A Redditor shared 12 pictures of their sister’s neighbor’s biodiverse, carefully planned garden — which stands in stark contrast to the flowerless lawns in the background — in the r/NativePlantGardening subreddit, and many commenters were green with envy.

The “incredible” yard — as the OP described it in the caption — had at least seven different types of gorgeous plants, including butterfly weed (a type of milkweed), larkspur, yarrow, cornflowers, blanket flowers, and what one commenter thought was purple salvia. 

Photo Credit: Reddit
"This is amazing!"
Photo Credit: Reddit

In the photos, it’s clear the homeowner put a lot of time and effort into creating their personal patch of paradise. 

They put several species close together to provide shade for the soil and reduce weeds, and the plant diversity ensures pollinators will have plenty of food. The bee in several of the photos seems to approve!

Rewilding your yard like this can benefit you and the planet in surprising ways. For one, you can save tons of time and money on lawn maintenance and water bills by planting natives since they have adapted to the local environment over thousands of years and require much less water and fertilizer to survive. 

You’ll also attract friendly pollinators like bees and butterflies to your yard with native plants since biodiverse gardens provide more nectar and pollen. 
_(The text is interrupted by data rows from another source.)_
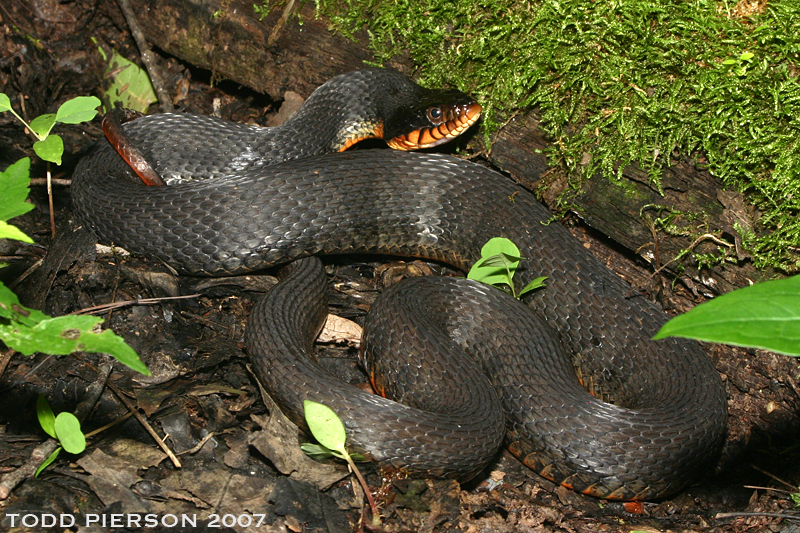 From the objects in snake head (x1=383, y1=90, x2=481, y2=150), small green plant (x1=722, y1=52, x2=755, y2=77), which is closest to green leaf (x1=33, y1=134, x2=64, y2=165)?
snake head (x1=383, y1=90, x2=481, y2=150)

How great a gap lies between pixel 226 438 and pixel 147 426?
1.63ft

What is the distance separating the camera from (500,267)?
5043 millimetres

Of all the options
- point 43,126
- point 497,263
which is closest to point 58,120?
point 43,126

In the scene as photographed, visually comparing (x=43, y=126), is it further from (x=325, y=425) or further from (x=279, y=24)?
(x=325, y=425)

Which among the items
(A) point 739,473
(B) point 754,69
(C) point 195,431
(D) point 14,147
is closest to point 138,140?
(D) point 14,147

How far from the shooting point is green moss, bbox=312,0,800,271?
4160 mm

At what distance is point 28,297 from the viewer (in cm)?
437

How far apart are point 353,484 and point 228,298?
210cm

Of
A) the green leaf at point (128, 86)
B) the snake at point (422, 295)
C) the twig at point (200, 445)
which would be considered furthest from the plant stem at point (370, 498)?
the green leaf at point (128, 86)

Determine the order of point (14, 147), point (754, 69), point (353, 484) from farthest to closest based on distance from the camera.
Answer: point (14, 147), point (754, 69), point (353, 484)

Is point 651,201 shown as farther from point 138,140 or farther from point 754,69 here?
point 138,140

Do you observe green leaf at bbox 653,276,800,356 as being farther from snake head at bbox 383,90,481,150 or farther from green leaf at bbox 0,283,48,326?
snake head at bbox 383,90,481,150

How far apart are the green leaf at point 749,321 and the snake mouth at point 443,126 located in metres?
3.48

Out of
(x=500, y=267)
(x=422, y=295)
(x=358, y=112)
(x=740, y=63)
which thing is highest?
(x=740, y=63) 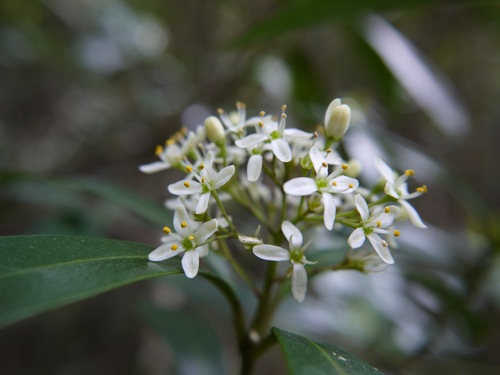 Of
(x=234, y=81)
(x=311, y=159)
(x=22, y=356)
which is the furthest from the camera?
(x=22, y=356)

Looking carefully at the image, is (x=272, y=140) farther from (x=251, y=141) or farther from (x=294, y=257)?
(x=294, y=257)

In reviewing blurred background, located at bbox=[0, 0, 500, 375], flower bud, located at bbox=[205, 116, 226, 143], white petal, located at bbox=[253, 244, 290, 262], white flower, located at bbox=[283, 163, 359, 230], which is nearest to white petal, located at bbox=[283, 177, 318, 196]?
white flower, located at bbox=[283, 163, 359, 230]

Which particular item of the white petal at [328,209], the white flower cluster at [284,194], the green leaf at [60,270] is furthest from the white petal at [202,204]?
the white petal at [328,209]

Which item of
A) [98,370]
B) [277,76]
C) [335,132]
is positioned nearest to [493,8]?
[277,76]

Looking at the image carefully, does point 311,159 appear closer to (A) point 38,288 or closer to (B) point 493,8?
(A) point 38,288

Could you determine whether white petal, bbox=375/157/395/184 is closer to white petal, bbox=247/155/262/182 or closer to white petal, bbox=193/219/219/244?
white petal, bbox=247/155/262/182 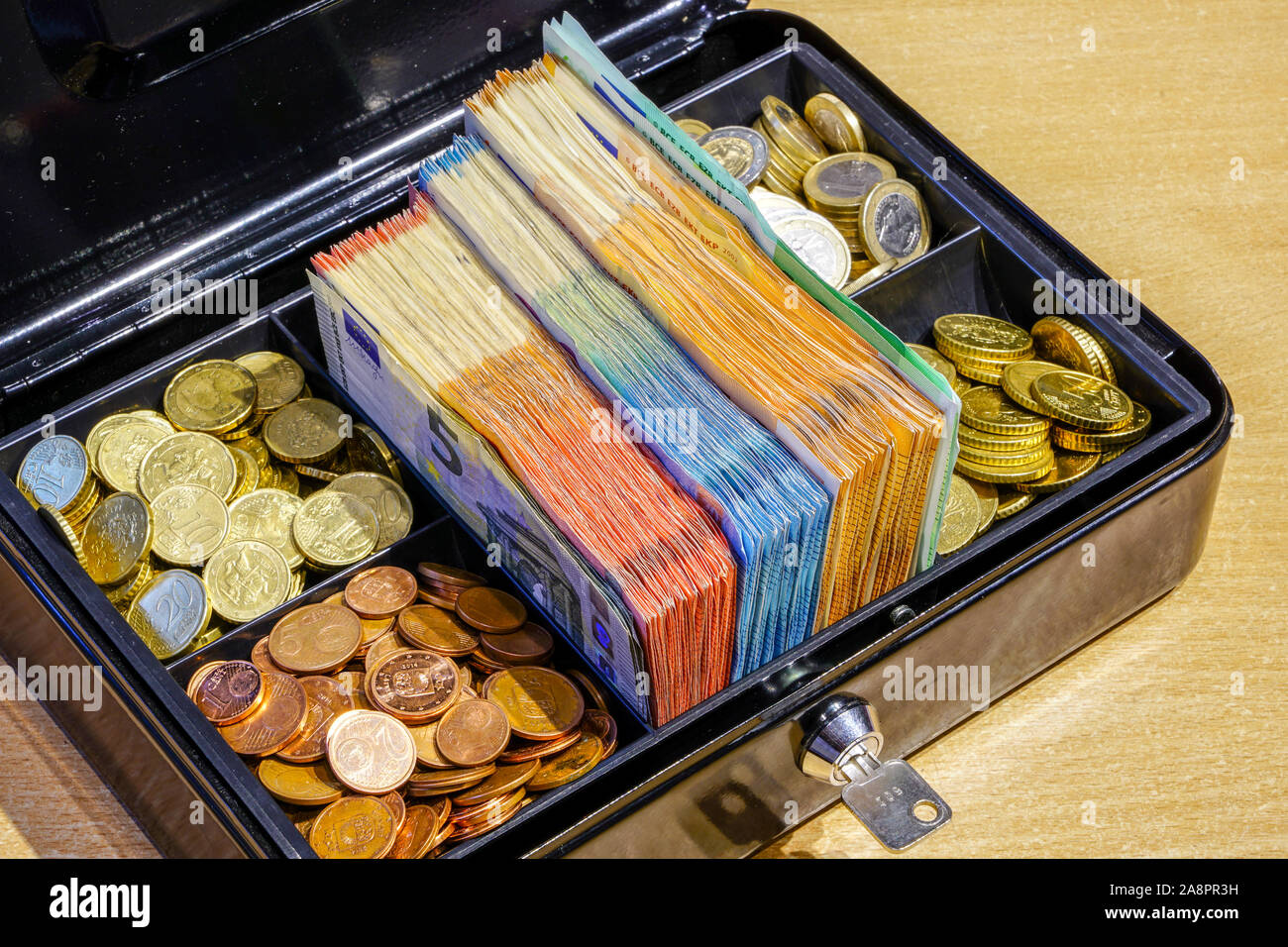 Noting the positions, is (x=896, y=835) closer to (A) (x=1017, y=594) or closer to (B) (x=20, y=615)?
(A) (x=1017, y=594)

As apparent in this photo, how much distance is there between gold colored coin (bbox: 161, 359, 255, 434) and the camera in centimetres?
202

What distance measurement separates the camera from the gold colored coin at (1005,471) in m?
1.95

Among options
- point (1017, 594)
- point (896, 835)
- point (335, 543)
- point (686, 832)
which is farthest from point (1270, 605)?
point (335, 543)

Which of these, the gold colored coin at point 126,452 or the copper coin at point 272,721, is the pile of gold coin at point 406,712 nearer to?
the copper coin at point 272,721

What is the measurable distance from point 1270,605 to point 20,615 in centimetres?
138

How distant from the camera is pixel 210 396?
2.04 metres

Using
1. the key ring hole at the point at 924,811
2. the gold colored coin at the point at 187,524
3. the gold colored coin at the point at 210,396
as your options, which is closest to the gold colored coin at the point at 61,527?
the gold colored coin at the point at 187,524

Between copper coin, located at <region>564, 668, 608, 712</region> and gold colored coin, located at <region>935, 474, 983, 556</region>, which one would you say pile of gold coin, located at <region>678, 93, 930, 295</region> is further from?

Low-maintenance, drought-resistant options include buffalo grass, clover, and xeriscaping — even replacing part of your yard with natives can reduce your water usage and pollution footprint.  

While some commenters noted that not all of the plants in the photos were native, experts say that certain non-native species can also benefit an ecosystem as long as they’re not invasive.

“I have envy. I lack the full sun and too many deer to ever get this. Been trying for years. So frustrating but this is amazing,” one commenter said.

“This is amazing! Tell your Sis thanks from the pollinators, and all of us native gardeners!” another complimented. 

“How many years of gardening to get it to that level of lovely? [I] am assuming it was a lawn before,” another inquired.